> WORK INSTRUCTION
Leave out the images; return the rest of the data exactly.

> DATASET SECTION
---
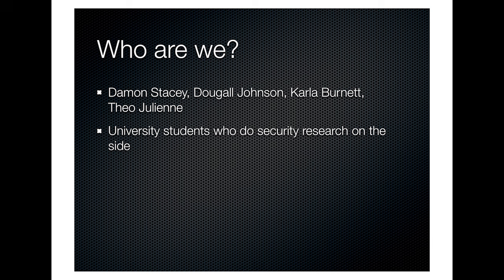Thank you all for showing up. First off, who are we? I'm Dougal Johnson. Down in the front row are Damon Stacey, Theo Julian and Carla Burnett. We're a bunch of university students who like to hack. We like figuring out how things work. We find systems really interesting.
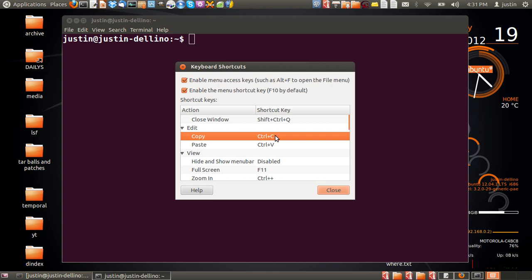So all you have to do is just click on it and then choose what you want the new shortcut to be. I'll type in CTRL C to copy.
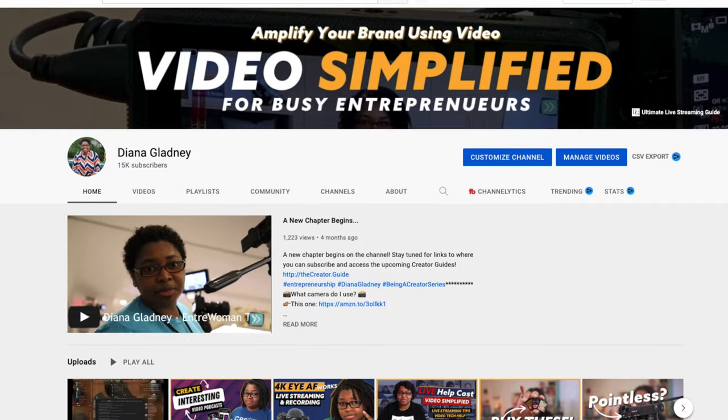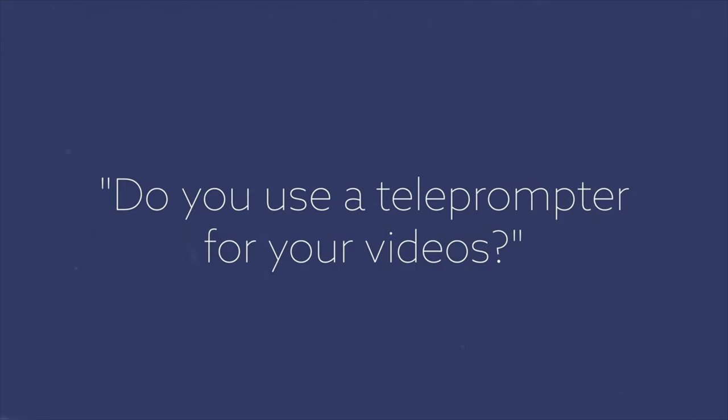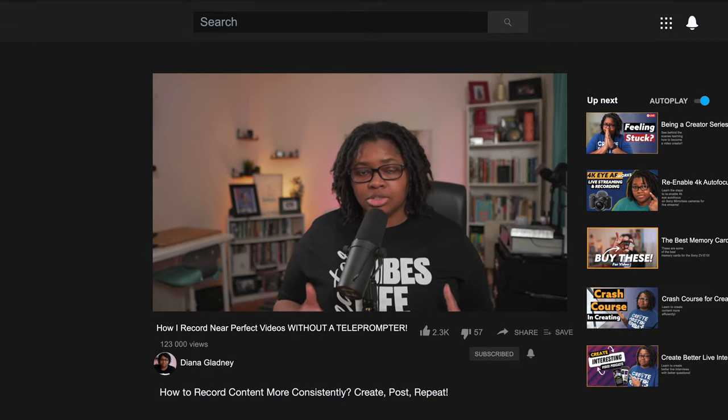After recording probably nearly a thousand videos, I've been asked: do I use a teleprompter and have I ever? And the answer is no. In this video, I'm going to be showing you some of the things I've used, learned, and taught myself when recording videos — so that I can get them pretty accurate and correct, and how you can even say phrases verbatim without anybody knowing you didn't use a teleprompter.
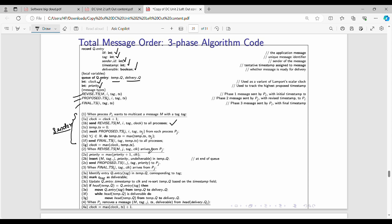When the revised timestamp arrives from PJ: priority = maximum of (priority + 1) and the clock value from the message timestamp. We increment the internal priority and compute the maximum value. Then we insert into the queue: message value, tag value, who sent it, priority timestamp (that is the revised timestamp), marked as undeliverable. Then we send the proposed timestamp function with parameters i, j, tag, revised timestamp, and priority store.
---
> FINAL ANSWER
Thank you all for showing up. First off, who are we? I'm Dougal Johnson. Down in the front row are Damon Stacey, Theo Julian and Carla Burnett. We're a bunch of university students who like to hack. We like figuring out how things work. We find systems really interesting.
So all you have to do is just click on it and then choose what you want the new shortcut to be. I'll type in CTRL C to copy.
After recording probably nearly a thousand videos, I've been asked: do I use a teleprompter and have I ever? And the answer is no. In this video, I'm going to be showing you some of the things I've used, learned, and taught myself when recording videos — so that I can get them pretty accurate and correct, and how you can even say phrases verbatim without anybody knowing you didn't use a teleprompter.
When the revised timestamp arrives from PJ: priority = maximum of (priority + 1) and the clock value from the message timestamp. We increment the internal priority and compute the maximum value. Then we insert into the queue: message value, tag value, who sent it, priority timestamp (that is the revised timestamp), marked as undeliverable. Then we send the proposed timestamp function with parameters i, j, tag, revised timestamp, and priority store.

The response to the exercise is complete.